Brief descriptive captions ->
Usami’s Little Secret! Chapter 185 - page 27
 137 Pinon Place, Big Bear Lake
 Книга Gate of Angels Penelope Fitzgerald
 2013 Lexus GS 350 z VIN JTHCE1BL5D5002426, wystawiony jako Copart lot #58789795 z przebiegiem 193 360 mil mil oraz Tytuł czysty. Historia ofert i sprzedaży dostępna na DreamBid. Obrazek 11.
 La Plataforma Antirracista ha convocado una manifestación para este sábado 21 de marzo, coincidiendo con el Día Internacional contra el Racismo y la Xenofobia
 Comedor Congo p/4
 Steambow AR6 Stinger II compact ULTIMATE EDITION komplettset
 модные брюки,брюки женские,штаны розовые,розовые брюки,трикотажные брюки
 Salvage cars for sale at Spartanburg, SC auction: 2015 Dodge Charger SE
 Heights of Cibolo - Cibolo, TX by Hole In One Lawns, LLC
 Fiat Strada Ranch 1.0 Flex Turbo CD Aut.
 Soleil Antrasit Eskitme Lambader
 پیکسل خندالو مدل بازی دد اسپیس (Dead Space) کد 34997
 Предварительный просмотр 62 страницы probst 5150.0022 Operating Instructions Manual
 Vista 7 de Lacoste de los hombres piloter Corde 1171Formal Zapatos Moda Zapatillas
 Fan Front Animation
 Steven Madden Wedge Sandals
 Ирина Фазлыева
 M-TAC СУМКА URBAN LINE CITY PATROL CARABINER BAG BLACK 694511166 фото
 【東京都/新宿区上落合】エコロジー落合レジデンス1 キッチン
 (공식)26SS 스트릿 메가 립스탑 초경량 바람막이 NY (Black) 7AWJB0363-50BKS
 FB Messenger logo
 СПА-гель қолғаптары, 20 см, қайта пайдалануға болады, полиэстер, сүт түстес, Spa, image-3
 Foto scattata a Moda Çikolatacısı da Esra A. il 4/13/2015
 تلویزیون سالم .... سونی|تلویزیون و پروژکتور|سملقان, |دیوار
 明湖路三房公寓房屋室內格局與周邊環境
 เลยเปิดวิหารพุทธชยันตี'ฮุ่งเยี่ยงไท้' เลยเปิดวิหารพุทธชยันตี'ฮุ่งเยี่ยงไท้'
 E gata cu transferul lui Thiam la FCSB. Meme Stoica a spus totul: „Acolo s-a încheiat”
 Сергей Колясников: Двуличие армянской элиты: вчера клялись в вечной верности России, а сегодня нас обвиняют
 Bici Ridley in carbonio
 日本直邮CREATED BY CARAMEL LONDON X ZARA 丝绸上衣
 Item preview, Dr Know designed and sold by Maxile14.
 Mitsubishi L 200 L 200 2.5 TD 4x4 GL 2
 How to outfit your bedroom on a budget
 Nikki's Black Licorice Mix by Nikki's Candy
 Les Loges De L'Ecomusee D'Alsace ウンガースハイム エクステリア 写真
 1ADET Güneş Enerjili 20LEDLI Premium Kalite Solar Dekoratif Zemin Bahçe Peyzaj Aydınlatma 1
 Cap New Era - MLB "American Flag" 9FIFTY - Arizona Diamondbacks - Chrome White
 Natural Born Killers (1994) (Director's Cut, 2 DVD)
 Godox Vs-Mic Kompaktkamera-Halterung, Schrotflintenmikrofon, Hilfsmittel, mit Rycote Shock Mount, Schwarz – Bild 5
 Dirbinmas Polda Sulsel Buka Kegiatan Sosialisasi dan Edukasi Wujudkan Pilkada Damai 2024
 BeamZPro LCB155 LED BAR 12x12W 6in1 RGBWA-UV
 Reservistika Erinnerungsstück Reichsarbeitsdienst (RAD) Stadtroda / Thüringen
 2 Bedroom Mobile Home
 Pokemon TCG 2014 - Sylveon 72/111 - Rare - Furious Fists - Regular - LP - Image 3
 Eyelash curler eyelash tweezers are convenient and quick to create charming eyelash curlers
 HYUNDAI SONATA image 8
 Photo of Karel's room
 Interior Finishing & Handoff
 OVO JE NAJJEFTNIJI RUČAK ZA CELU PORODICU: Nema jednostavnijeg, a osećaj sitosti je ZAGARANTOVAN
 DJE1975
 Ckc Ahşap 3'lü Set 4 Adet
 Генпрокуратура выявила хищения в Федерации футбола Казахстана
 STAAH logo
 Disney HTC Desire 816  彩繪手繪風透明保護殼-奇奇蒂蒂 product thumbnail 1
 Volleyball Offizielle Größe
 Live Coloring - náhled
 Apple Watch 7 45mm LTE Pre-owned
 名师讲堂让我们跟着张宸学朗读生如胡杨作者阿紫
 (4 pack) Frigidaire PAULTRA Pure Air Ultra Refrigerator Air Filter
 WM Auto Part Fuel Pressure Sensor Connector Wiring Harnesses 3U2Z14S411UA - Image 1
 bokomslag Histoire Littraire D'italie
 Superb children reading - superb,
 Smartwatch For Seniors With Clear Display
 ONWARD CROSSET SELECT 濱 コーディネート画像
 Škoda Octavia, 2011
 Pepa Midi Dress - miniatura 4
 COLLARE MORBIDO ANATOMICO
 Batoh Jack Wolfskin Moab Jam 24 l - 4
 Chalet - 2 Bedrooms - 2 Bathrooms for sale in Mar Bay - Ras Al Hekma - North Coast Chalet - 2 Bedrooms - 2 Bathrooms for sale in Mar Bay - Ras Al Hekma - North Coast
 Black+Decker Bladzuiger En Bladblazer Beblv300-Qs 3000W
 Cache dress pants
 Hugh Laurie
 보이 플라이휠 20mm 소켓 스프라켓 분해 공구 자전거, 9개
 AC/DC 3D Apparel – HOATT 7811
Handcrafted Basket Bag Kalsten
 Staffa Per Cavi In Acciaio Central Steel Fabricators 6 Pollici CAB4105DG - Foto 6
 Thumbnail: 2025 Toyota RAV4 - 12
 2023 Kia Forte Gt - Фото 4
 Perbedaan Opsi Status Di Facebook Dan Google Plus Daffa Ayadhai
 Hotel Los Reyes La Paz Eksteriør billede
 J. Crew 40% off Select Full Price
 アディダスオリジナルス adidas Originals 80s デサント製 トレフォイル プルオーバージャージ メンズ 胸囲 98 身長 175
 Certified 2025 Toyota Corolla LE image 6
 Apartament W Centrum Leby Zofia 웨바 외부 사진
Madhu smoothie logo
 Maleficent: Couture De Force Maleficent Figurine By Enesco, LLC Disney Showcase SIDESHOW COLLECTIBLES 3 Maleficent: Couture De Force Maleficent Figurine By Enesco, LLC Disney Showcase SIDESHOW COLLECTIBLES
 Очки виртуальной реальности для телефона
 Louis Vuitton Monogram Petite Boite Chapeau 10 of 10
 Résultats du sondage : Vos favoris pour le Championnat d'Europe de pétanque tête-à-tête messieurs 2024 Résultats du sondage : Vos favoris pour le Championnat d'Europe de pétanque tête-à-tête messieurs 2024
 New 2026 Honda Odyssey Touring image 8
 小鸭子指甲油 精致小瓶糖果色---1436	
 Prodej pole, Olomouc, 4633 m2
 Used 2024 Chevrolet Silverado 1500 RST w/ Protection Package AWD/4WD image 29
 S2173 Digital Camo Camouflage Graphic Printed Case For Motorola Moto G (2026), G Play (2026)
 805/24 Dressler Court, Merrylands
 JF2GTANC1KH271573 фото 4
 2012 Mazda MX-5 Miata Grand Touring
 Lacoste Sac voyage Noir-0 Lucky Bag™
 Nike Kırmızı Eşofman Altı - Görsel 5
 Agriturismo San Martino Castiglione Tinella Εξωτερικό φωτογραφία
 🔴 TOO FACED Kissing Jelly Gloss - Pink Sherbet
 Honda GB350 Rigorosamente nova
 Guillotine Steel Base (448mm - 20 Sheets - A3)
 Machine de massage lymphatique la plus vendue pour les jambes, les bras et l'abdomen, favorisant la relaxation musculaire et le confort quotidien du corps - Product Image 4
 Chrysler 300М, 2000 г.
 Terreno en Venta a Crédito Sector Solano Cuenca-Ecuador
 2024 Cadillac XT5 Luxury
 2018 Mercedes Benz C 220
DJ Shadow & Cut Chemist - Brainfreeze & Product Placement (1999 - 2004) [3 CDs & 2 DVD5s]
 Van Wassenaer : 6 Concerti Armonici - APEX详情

What you need to do ->
Repeat exactly the lines from the one containing "Nike Kırmızı Eşofman Altı - Görsel 5" through the last line of the records above, both included, and nothing else.

Solution for this exercise ->
 Nike Kırmızı Eşofman Altı - Görsel 5
 Agriturismo San Martino Castiglione Tinella Εξωτερικό φωτογραφία
 🔴 TOO FACED Kissing Jelly Gloss - Pink Sherbet
 Honda GB350 Rigorosamente nova
 Guillotine Steel Base (448mm - 20 Sheets - A3)
 Machine de massage lymphatique la plus vendue pour les jambes, les bras et l'abdomen, favorisant la relaxation musculaire et le confort quotidien du corps - Product Image 4
 Chrysler 300М, 2000 г.
 Terreno en Venta a Crédito Sector Solano Cuenca-Ecuador
 2024 Cadillac XT5 Luxury
 2018 Mercedes Benz C 220
DJ Shadow & Cut Chemist - Brainfreeze & Product Placement (1999 - 2004) [3 CDs & 2 DVD5s]
 Van Wassenaer : 6 Concerti Armonici - APEX详情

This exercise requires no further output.